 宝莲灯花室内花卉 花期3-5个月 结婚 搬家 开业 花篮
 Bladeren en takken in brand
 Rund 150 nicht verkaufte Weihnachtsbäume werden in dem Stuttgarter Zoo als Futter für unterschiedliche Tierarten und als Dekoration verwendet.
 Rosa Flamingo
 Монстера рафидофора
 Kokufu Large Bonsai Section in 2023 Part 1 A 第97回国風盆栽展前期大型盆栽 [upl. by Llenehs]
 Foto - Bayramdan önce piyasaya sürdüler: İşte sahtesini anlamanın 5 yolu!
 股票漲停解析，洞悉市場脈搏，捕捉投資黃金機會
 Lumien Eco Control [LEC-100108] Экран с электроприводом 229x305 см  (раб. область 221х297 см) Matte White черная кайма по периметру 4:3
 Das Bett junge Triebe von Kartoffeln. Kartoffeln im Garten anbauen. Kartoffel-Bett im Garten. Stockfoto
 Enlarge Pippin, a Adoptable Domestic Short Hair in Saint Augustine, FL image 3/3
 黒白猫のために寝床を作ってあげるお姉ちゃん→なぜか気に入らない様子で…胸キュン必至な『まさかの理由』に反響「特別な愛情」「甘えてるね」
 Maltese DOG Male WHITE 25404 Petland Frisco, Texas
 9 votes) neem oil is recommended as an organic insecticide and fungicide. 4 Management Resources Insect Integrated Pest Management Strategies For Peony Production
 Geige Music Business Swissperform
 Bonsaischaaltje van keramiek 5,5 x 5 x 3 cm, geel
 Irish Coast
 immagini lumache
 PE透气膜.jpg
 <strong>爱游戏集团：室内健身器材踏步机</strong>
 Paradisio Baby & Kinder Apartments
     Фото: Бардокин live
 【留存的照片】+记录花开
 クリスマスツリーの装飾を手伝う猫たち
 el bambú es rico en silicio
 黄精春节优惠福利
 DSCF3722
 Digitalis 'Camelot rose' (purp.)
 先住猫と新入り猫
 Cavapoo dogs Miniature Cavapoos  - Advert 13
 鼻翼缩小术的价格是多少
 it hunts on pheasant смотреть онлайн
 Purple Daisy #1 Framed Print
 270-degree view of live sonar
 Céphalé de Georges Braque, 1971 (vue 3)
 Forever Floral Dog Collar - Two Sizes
- - - - -
**Exercise details:** Give back, word for word, only the lines from the one containing "Rosa Flamingo" through the closing line of the entries.

**Your solution:**
 Rosa Flamingo
 Монстера рафидофора
 Kokufu Large Bonsai Section in 2023 Part 1 A 第97回国風盆栽展前期大型盆栽 [upl. by Llenehs]
 Foto - Bayramdan önce piyasaya sürdüler: İşte sahtesini anlamanın 5 yolu!
 股票漲停解析，洞悉市場脈搏，捕捉投資黃金機會
 Lumien Eco Control [LEC-100108] Экран с электроприводом 229x305 см  (раб. область 221х297 см) Matte White черная кайма по периметру 4:3
 Das Bett junge Triebe von Kartoffeln. Kartoffeln im Garten anbauen. Kartoffel-Bett im Garten. Stockfoto
 Enlarge Pippin, a Adoptable Domestic Short Hair in Saint Augustine, FL image 3/3
 黒白猫のために寝床を作ってあげるお姉ちゃん→なぜか気に入らない様子で…胸キュン必至な『まさかの理由』に反響「特別な愛情」「甘えてるね」
 Maltese DOG Male WHITE 25404 Petland Frisco, Texas
 9 votes) neem oil is recommended as an organic insecticide and fungicide. 4 Management Resources Insect Integrated Pest Management Strategies For Peony Production
 Geige Music Business Swissperform
 Bonsaischaaltje van keramiek 5,5 x 5 x 3 cm, geel
 Irish Coast
 immagini lumache
 PE透气膜.jpg
 <strong>爱游戏集团：室内健身器材踏步机</strong>
 Paradisio Baby & Kinder Apartments
     Фото: Бардокин live
 【留存的照片】+记录花开
 クリスマスツリーの装飾を手伝う猫たち
 el bambú es rico en silicio
 黄精春节优惠福利
 DSCF3722
 Digitalis 'Camelot rose' (purp.)
 先住猫と新入り猫
 Cavapoo dogs Miniature Cavapoos  - Advert 13
 鼻翼缩小术的价格是多少
 it hunts on pheasant смотреть онлайн
 Purple Daisy #1 Framed Print
 270-degree view of live sonar
 Céphalé de Georges Braque, 1971 (vue 3)
 Forever Floral Dog Collar - Two Sizes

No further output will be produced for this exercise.